LC & Catalina; macOS 10.15.x; Xcode 11.3.x; iOS 13.3.x support ???

matthias_livecode_150811 at matthias_livecode_150811 at
Thu Mar 12 19:43:54 EDT 2020

Not just dropped APIs. 
It starts already with Apple deciding if the functionality of an iOS App is worth to be approved for the Appstore or not. 
I had created 3 apps for a customer which were not accepted by Apple by the "lack" of functionality. At least that was the reason they told us, although we could proof that there were other similar apps in the store with less functionality. Some of them were even approved later than our apps were submitted.
The good thing was that i get paid anyway because the complete design and functionality was described by the customer in specification sheets. So i was not responsible for the rejection of the apps.

It´s always a risk to develop iOS apps.
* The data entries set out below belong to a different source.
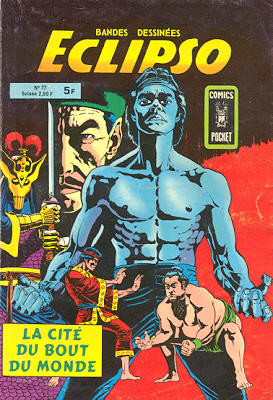 Eclipso, French comic, Issue #77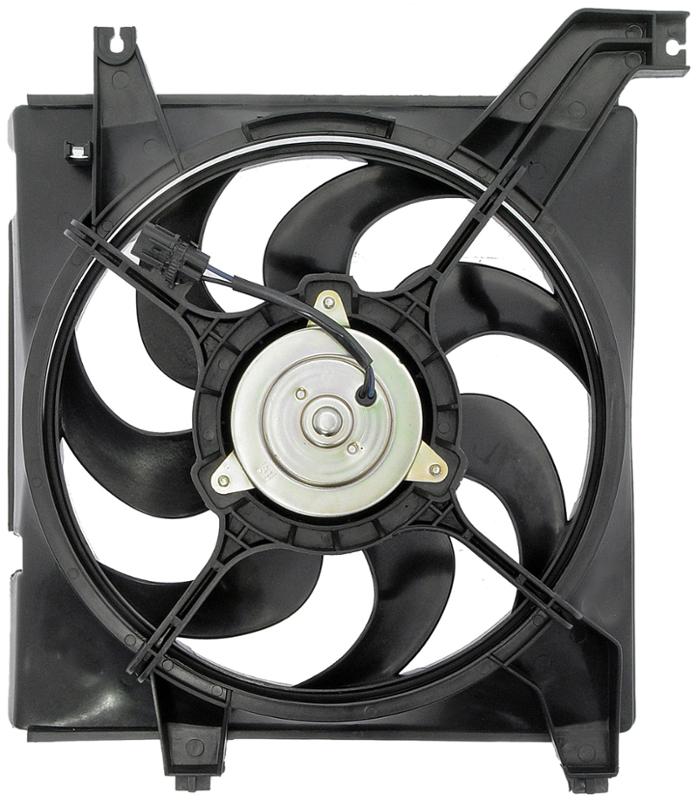 2004 Hyundai Elantra Engine Cooling Fan Assembly Dorman 620812 image 1 of 2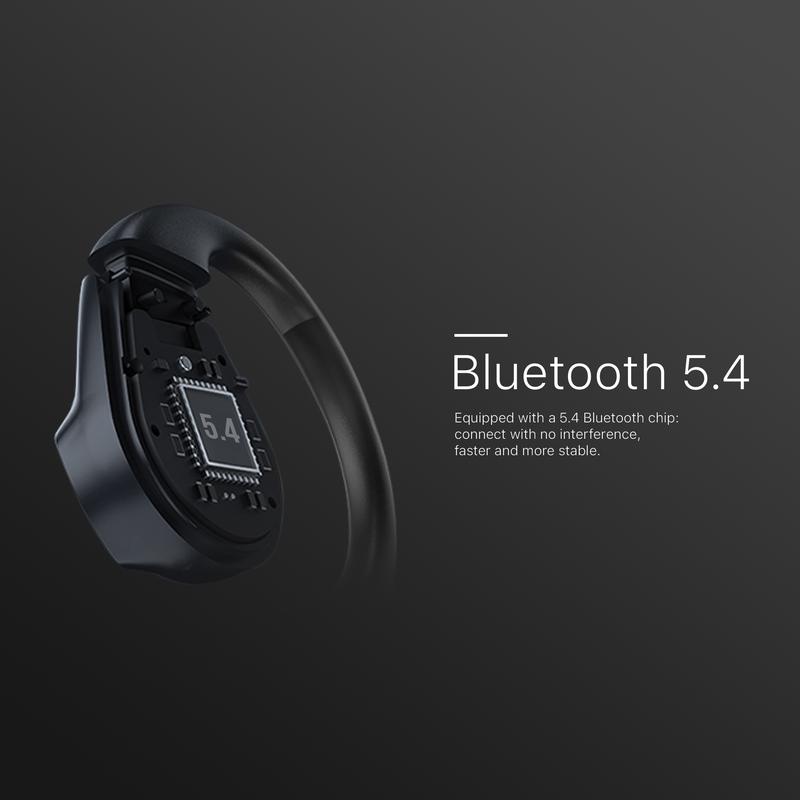 KiiP Wireless DTH11 OWS Sport TWS Earhook Earphone Open Ear Headset Bluetooth HD Voice Call - 5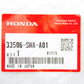 NEW GENUINE HONDA 2007-2011 CR-V TAIL LAMP CAP COVER  33506-SWA-A01 SET OF TWO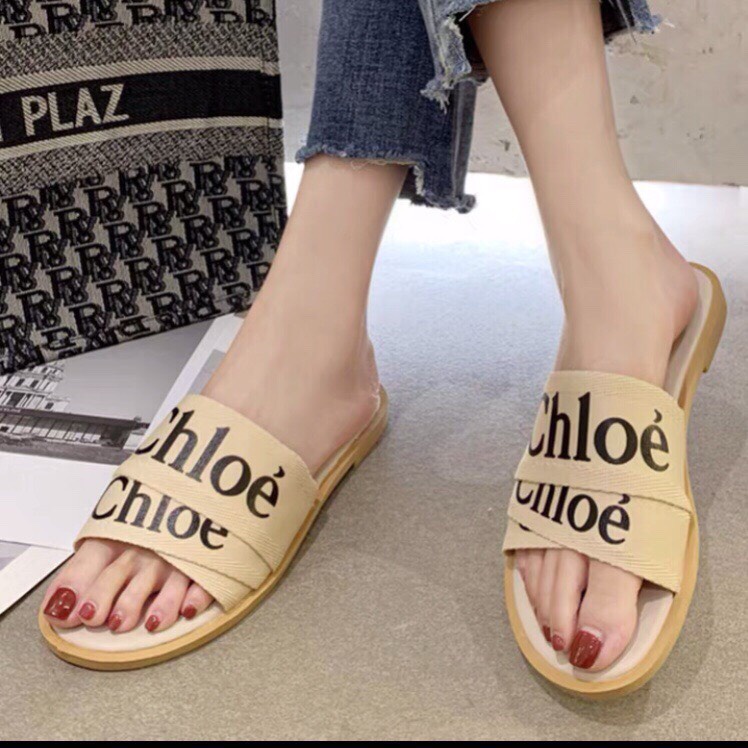 Dép Nữ Thời Trang CLeo Đế Bệt Nổi Bật (Sale lẻ Size)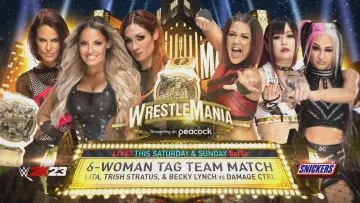 Задник до фильму"WrestleMania 39: Saturday" #447315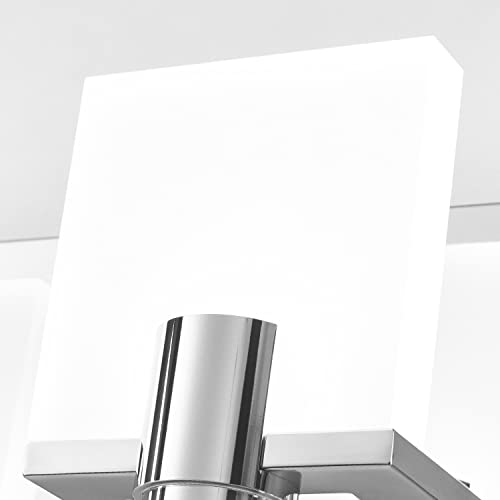 Image of PRESDE 4 Light Bathroom Vanity Light Modern Chrome Bathroom Light Fixtures LED for Bath Wall Lighting Dimmable
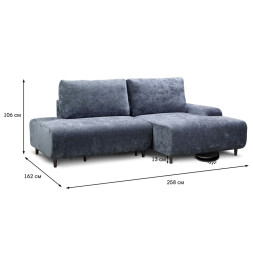 Угловой диван Монреаль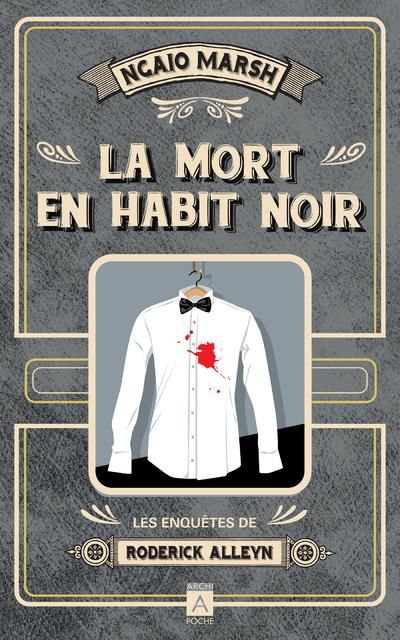 Emprunter Les enquêtes de Roderick Alleyn/07/Mort en habit noir livre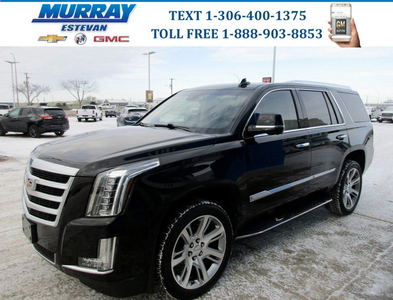 2019 Cadillac Escalade Luxury 4WD/ACCIDENT-FREE/LOCAL TRADE/1-OW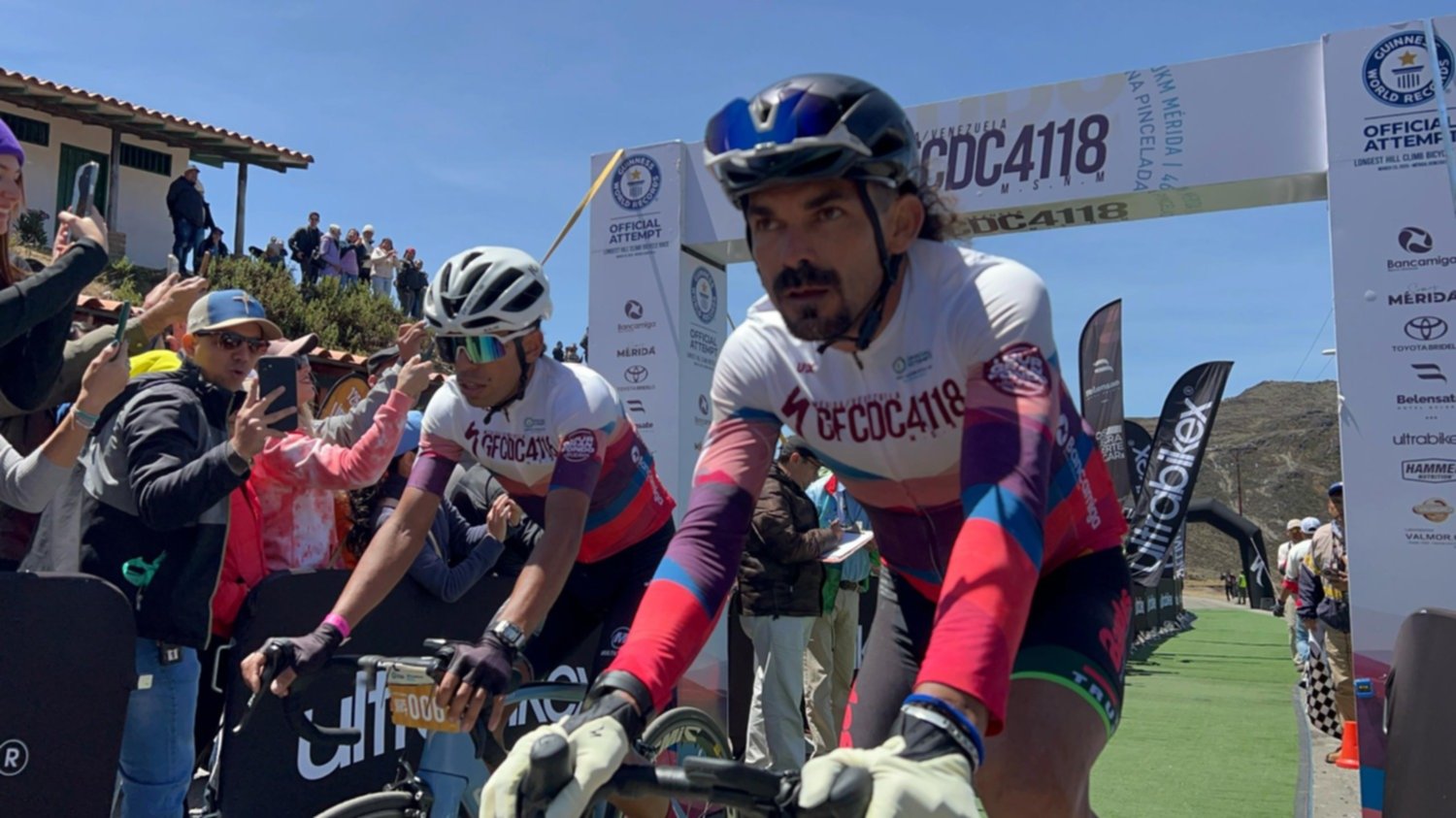 Gran Fondo Collado del Cóndor hace historia en el ciclismo nacional Gran Fondo Collado del Cóndor hace historia en el ciclismo nacional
You´ll never know if they get accepted or not. 
An other risk is that every new iOS release might break your existing app in the iOS app store.
> Perhaps a good approach is to include in any contract for software products or development the disclaimer that if the customer requests support for a 3rd party API, that functionality and support for that API is restricted to the terms of the 3rd party. Not sure how to word that legally. 
That´s a good idea. So the developer is not responsible if there are changes to the 3rd party API  and thereby the functionality of the program is disturbed or impaired.